Tourism board undecided about funding proposed UNLV stadium
12 March 2013
12 March 2013 2:23 p.m.
It’s too early to tell if the Las Vegas Convention and Visitors Authority would consider diverting room-tax funds toward the construction of the proposed UNLV Now stadium, the top executive of the organization said.
Rossi Ralenkotter, president and CEO of the LVCVA, said that while the proposal to build a 60,000-seat, on-campus, indoor stadium is being downsized after concerns were raised about the project being too big and too expensive, the board will await additional information about how the final project emerges.
“Right now, it’s too soon to tell,” Ralenkotter said of what, if any, financial role the LVCVA would have in the project. “I know that they’re still working on their financial model and they’re working on the actual scope of the project. Until all those things are determined, we’re supportive of the efforts of the university. We’ll provide them with information and input and we’ll see where they wind up with their final project.”
Ralenkotter was interviewed after today’s board meeting at which Don Snyder, a former member of the LVCVA board as an executive with Boyd Gaming in the 1990s, gave a progress report on the stadium plan.
Snyder is spearheading UNLV’s effort to build the stadium, hailed not only as a new home for Rebels football, but a site for special events that can’t be accommodated in existing facilities in Southern Nevada.
Snyder’s presentation lasted less than 10 minutes, and he offered no new information on the project.
The only reaction Snyder received came from board member Cam Walker, mayor pro-tem of Boulder City, who suggested that UNLV consider a greater financial role in the project.

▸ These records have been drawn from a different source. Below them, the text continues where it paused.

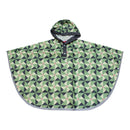 和柄テキスタイル 子供雨合羽‐ふうしゃ／みどり（わがらてきすたいる キッズレインコート-ふうしゃ／みどり）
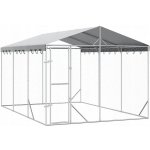 vidaXL Venkovní psí kotec se střechou stříbrný 300 x 4,5 x 250 cm – Zbozi.Blesk.cz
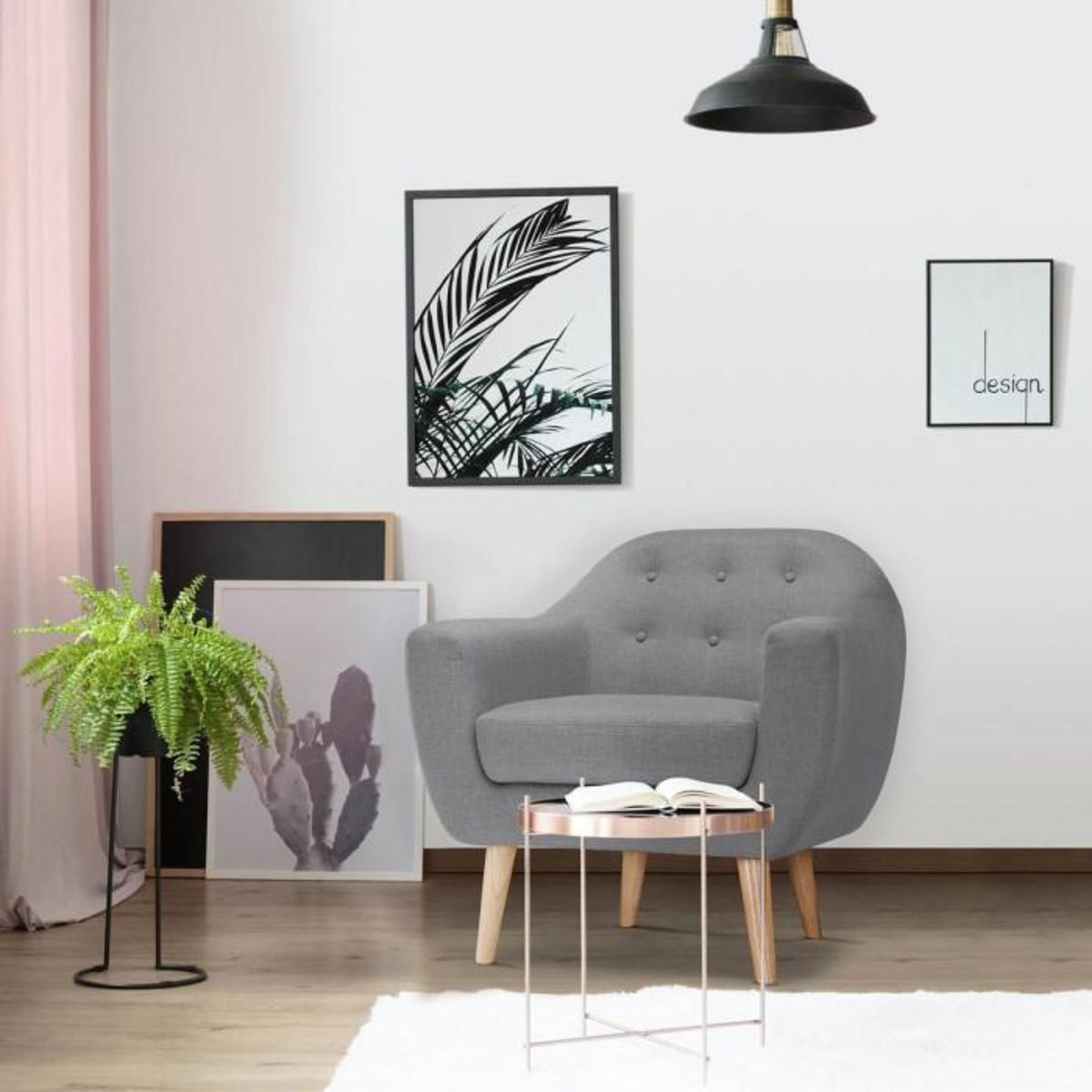 Paris Prix Fauteuil Scandinave Tissu  Lopy  78cm Gris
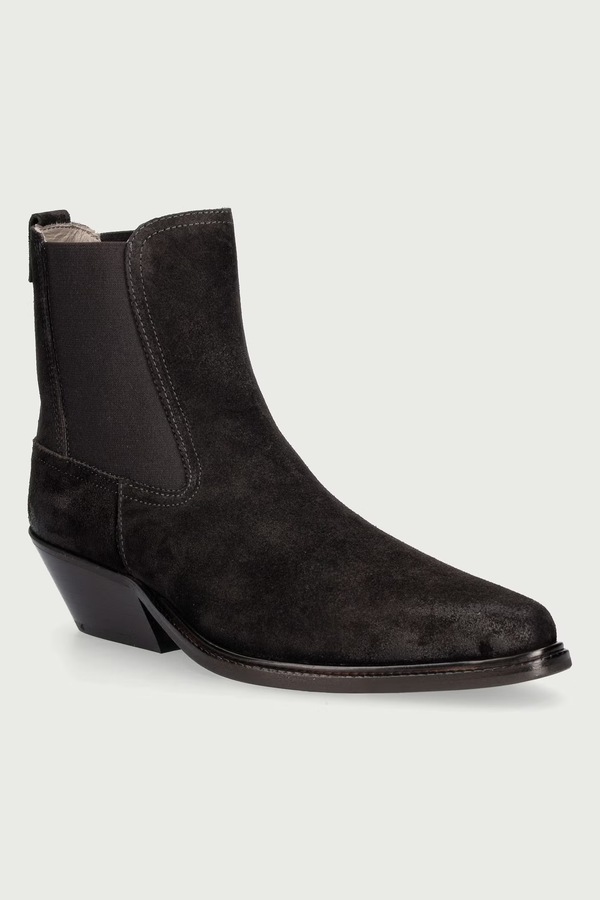 Челсі на низькому підборі жіночі шкіряні AllSaints Carter Suede Chelsea колір коричневий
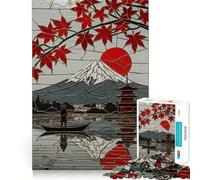 Japanese Landscape Stained Glass Art 1000 Piece Puzzle For Teenagers Logic Exercise Precise Joint Family Fun Xmas Gift (38x26cm)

The university is contributing the land for the project and some planning services, but no financial stake in the private-public partnership with Majestic Realty Co.
Majestic’s local point man, Craig Cavileer, attended the meeting but did not speak to the board.

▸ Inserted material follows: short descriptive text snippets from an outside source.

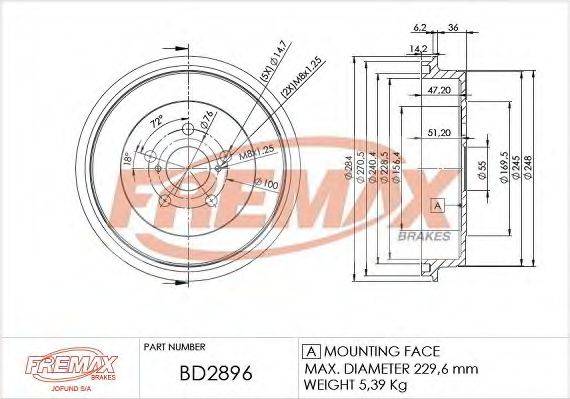 FREMAX BD2896 Гальмівний барабан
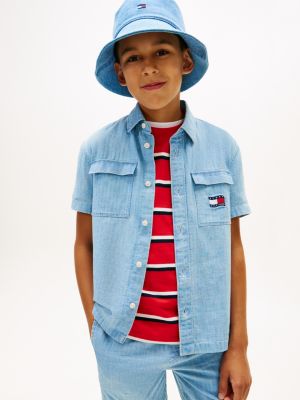 camicia in denim a maniche corte con bandiera blue da bambini tommy hilfiger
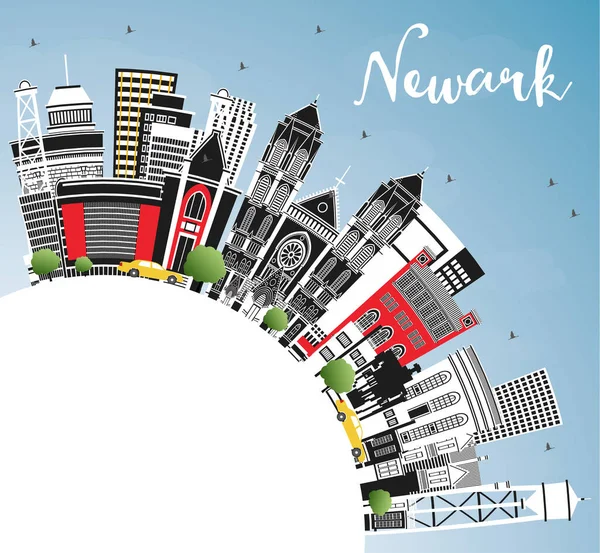 Newark New Jersey City Skyline Con Edificios Color Cielo Azul — Vector de stock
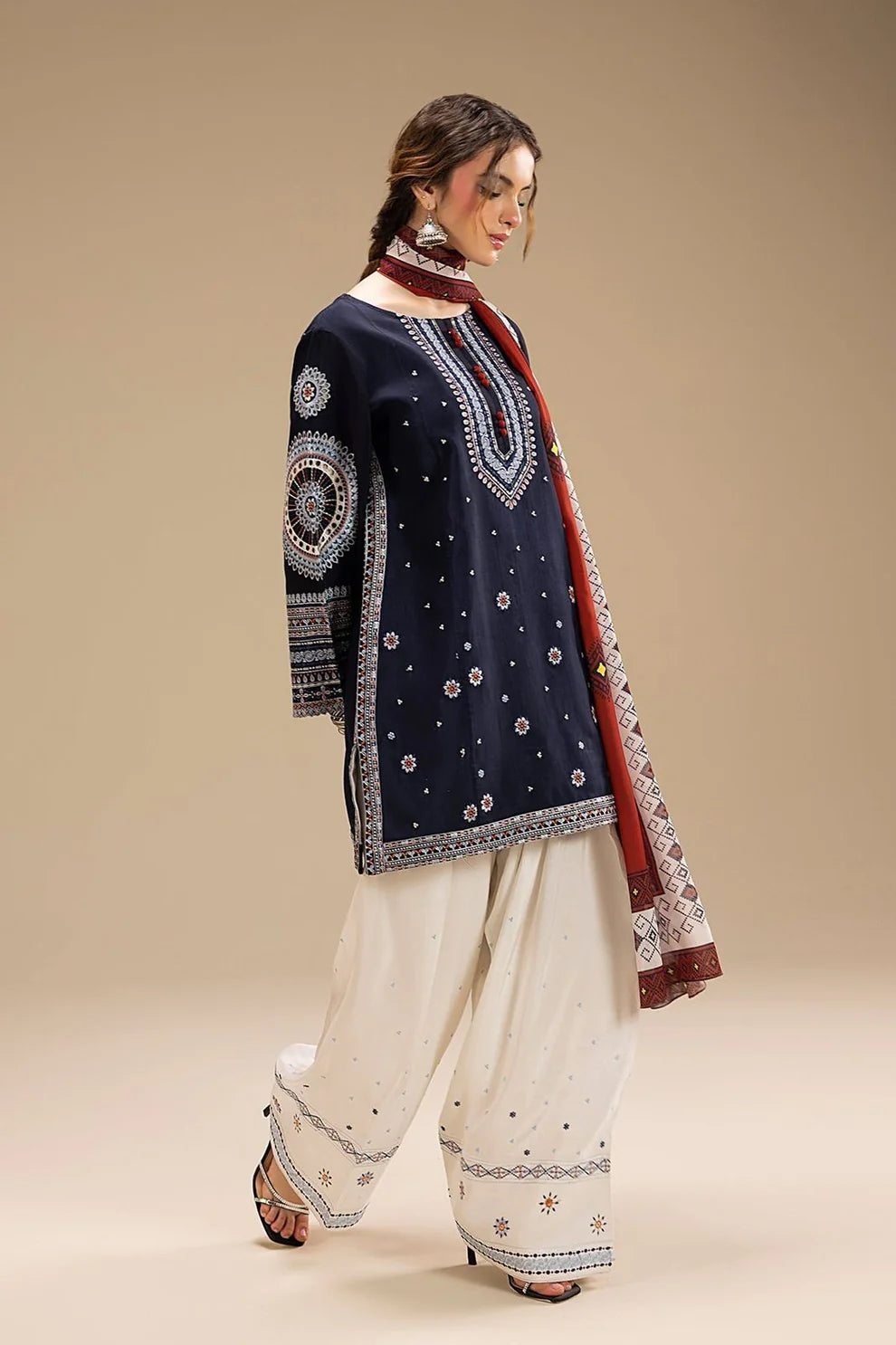 JAZMIN- 3PC Lawn Embroidered Shirt with Printed Chiffon Dupatta (Unstitched) - RN-2427
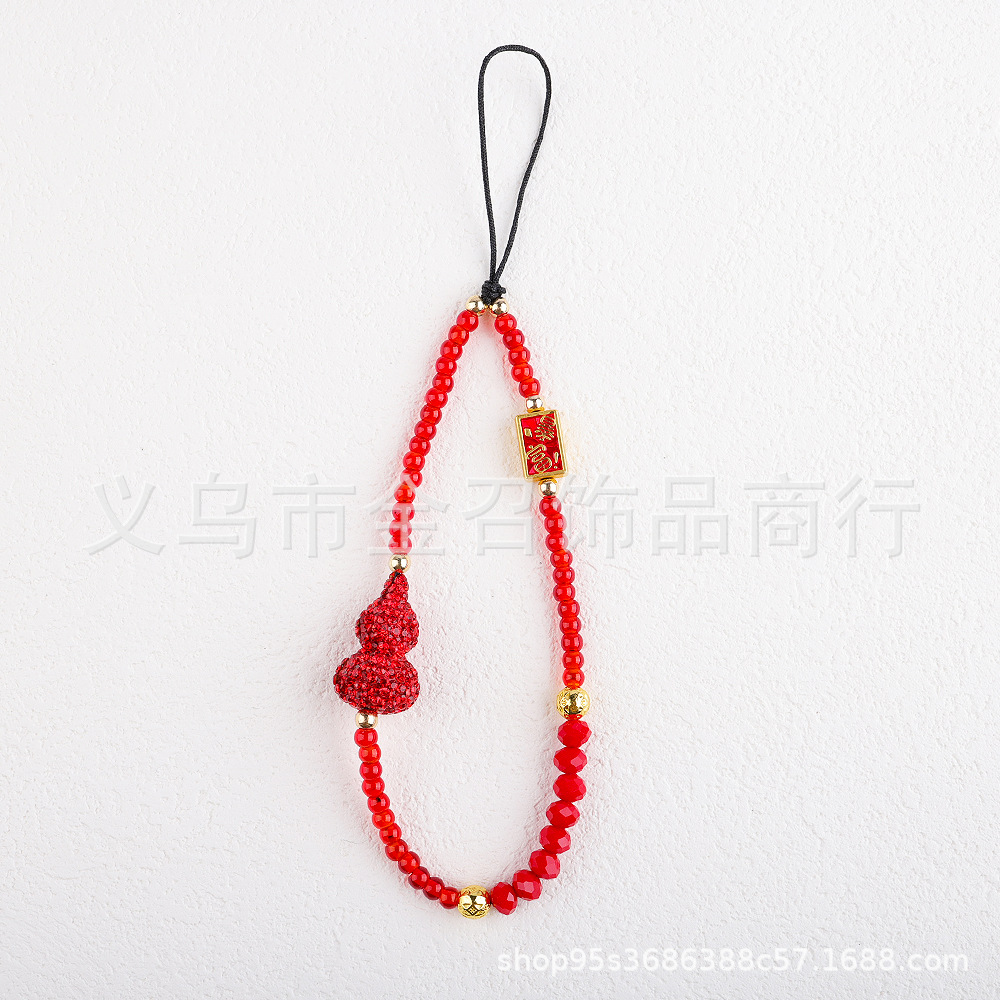 New Year's Chinese-style mobile phone chain, national trend red gourd gemstone rich lady mobile phone pendant, beaded wealth god pendant Specification image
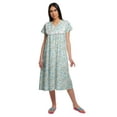 thumbnail image 1 of Moomaya Printed WoMen's Lace Neckline Nightdress Short Sleeve Nightwear, 1 of 5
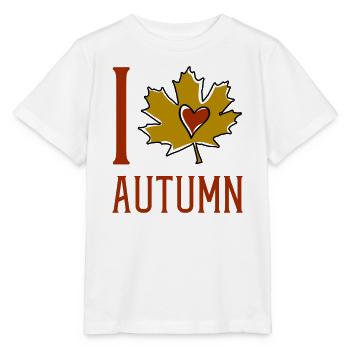 Herbstblatt Herzmotiv - Stanley/Stella Kinder T-Shirt MINI CREATOR  - Weiß - Vorne - Maike (125cm)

The LVCVA built Sam Boyd Stadium, the facility currently used for UNLV football games, and suggestions have been raised that the LVCVA could divert room tax funds to support the project.

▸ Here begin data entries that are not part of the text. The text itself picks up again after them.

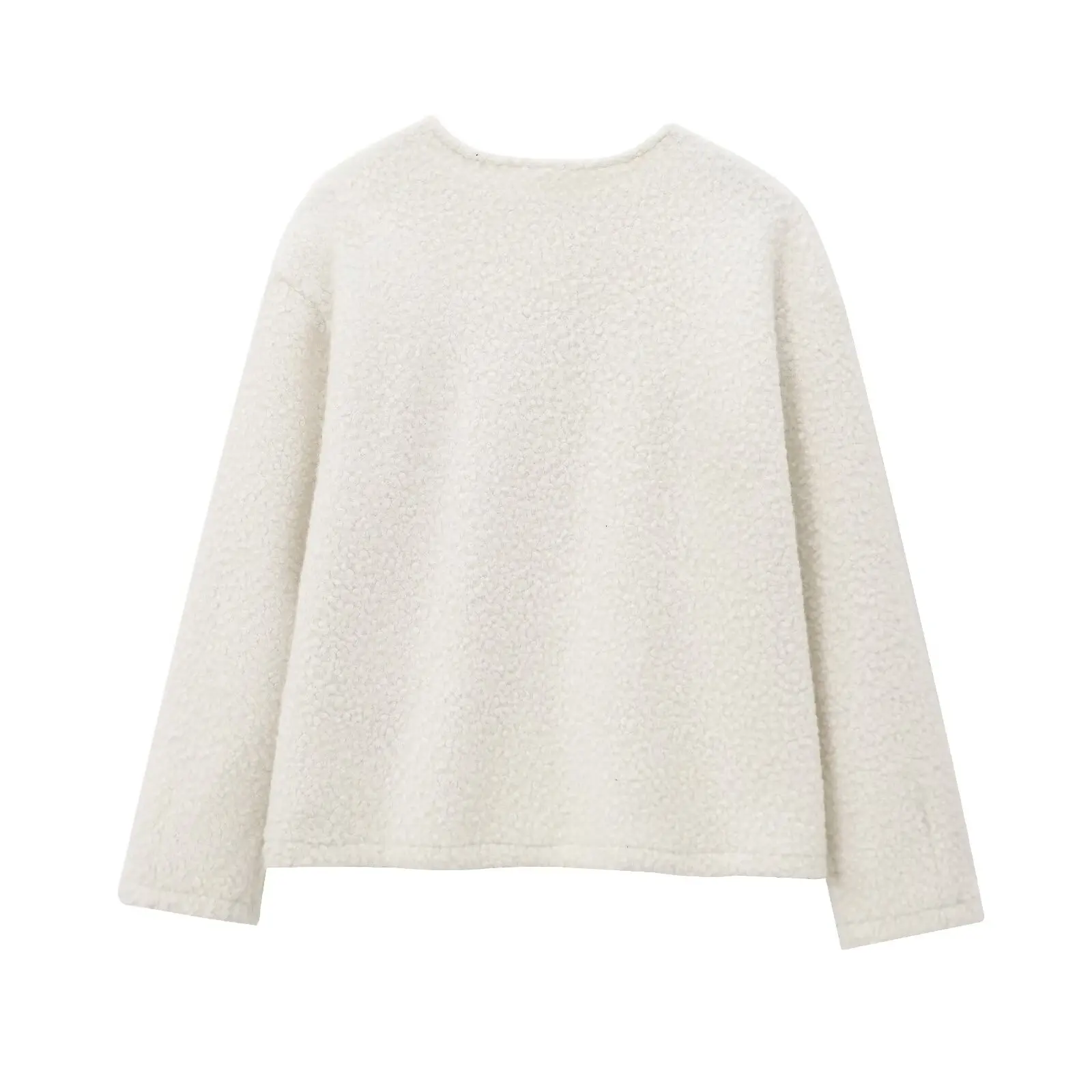 Jenny&Dave Minimalist Round Neck Pearl Leather Loop Hoodie Sweatshirt Women Pullovers Tops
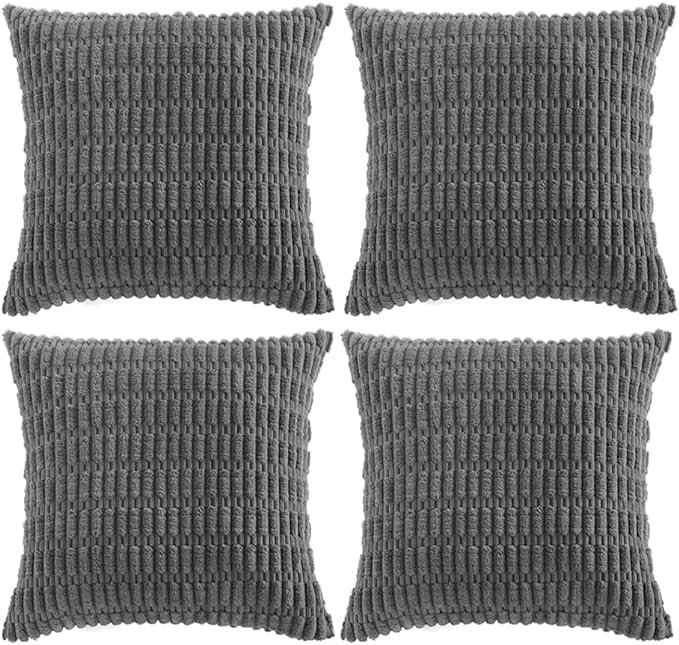 Fancy Homi 4 Packs Dark Grey Decorative Throw Pillow Covers 22x22 Inch for Couch Bed, Rustic Modern Farmhouse Boho Home Decor, Soft Plush Corduroy Gray Cute Square Accent Cushion Case 55x55 cm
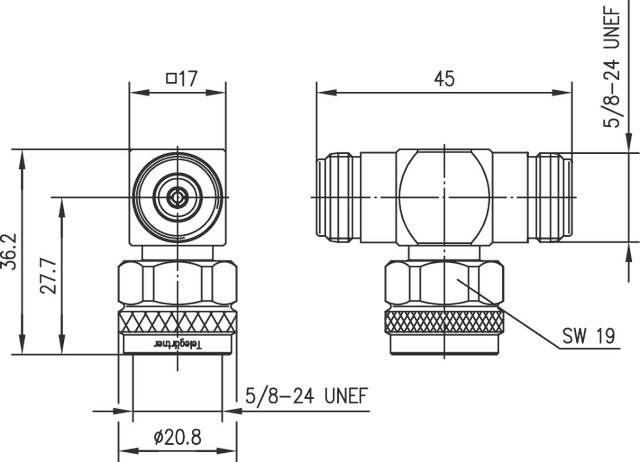 Technický výkres kovového spoje s bočními přípoji, rozměry a specifikacemi závitu ('5/8-24 UNEF', 'SW 19').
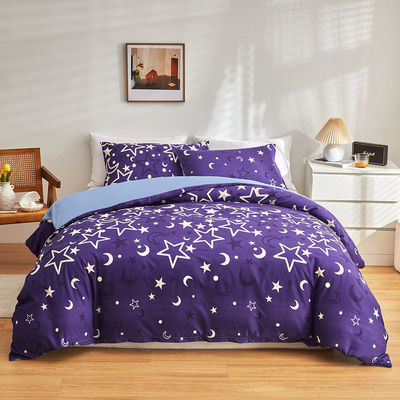 Conjunto de roupa de cama branca floral para crianças meninos meninas Twin 2 PCs Glow in The Dark Duvet Cover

But late last month, the LVCVA announced plans to revamp the Las Vegas Convention Center with a $2.5 billion project to turn the campus into the Las Vegas Global Business District, a project that could stretch the limit of the agency's financial resources.
Representatives of the resort community who say the size and cost of the stadium project have grown too large have tempered enthusiasm for the UNLV Now stadium project in recent weeks.
MGM Resorts International, which is represented on the LVCVA board, withdrew support for the project as currently envisioned. Within days of MGM’s withdrawal of support, the company announced its own plans for a 20,000-seat arena west of the New York-New York and Monte Carlo properties.
The company’s proposed arena is designed for special events and boxing matches, but wouldn’t be large enough to accommodate football.
Sporting events are important to Las Vegas because not only do they draw people, but they result in free television exposure.
Television networks, for example, will be out in full force Saturday with three college basketball tournaments having their championship games and the Chicago Cubs playing the Texas Rangers in a spring training game that will be broadcast in two key visitor markets — Chicago and Dallas.
Sunday’s Kobalt Tools 400 NASCAR race brought Las Vegas into the living rooms of millions of race fans.